On Wednesday, RBC agreed to pay the full costs incurred by John Banerjee, the former foreign-exchange trader from its London office, in contesting the bank’s appeal, less than an hour before he planned to apply for a costs award. Mr. Banerjee has accepted the agreement, which he says awards him more than £40,000 ($70,000).

RBC fired Mr. Banerjee in 2016, months after he had e-mailed a senior banker with complaints that many staff members were spending only a few cursory minutes attesting to the fact that they had read and understood complex regulatory and compliance policies. At the employment tribunal, RBC claimed it had dismissed Mr. Banerjee over his habit of arriving late for work after repeated warnings, but a judge ruled that was a “pretext” and that the main reason was his disclosure about compliance issues. The judgment, rendered in May of 2018, concluded that RBC “looked for an opportunity to be rid of him.”

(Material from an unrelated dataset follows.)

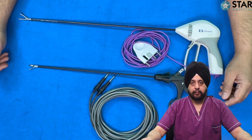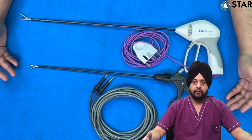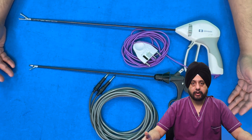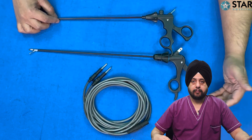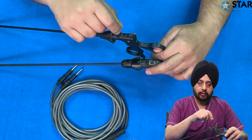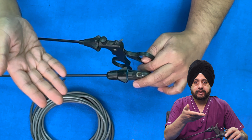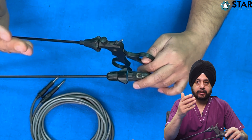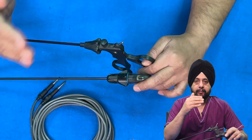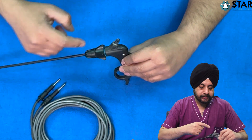We'll now discuss laparoscopic bipolar instruments. There are broadly two kinds — a simple bipolar instrument and an advanced version. The routine instrument has a single attachment for a monopolar cable with one electrode; the other electrode is a patient pad placed behind the patient, completing the circuit. The current travels from the tip of the instrument, through the patient's body tissue, and back to the machine.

The employment tribunal did not try to determine whether RBC’s broader compliance culture was deficient, as he alleged. But Mr. Banerjee subsequently met with the Financial Conduct Authority (FCA), a U.K. regulator overseeing financial services firms and financial markets. The FCA has since launched an investigation into RBC’s European banking arm, Royal Bank of Canada Europe Ltd., as confirmed by a document obtained by The Globe and Mail.

An FCA spokesperson said the regulator does not confirm or deny investigations.

After the British employment tribunal issued its judgment last year, RBC initially disagreed with the ruling and appealed, but the bank dropped its challenge on Feb. 12.

“We carefully considered the benefit of moving forward with an appeal and decided not to prolong these proceedings. We remain committed to maintaining an environment where employees feel comfortable speaking up,” a spokesperson for the bank said Thursday in an e-mailed statement.

Mr. Banerjee told The Globe he believes RBC’s appeal was part of an “attrition strategy” to prolong the legal proceedings, and said that “RBC’s appeal had literally zero merit.”

“Up until today, they were saying they were justified in bringing the appeal. Now, that fig leaf has completely gone,” he added.

Mr. Banerjee’s case marked a rare win for a British whistle-blower, and he sought £13-million in damages. But on Feb. 1, the employment judge calculated damages of nearly £1.3-million based on lost salary, pension and benefits. Because the tribunal ruled that Mr. Banerjee contributed to his dismissal with his repeated tardiness, describing him as “a thorn in the side of his management,” the damages RBC ultimately pays could be reduced. A final decision on damages has not yet been issued.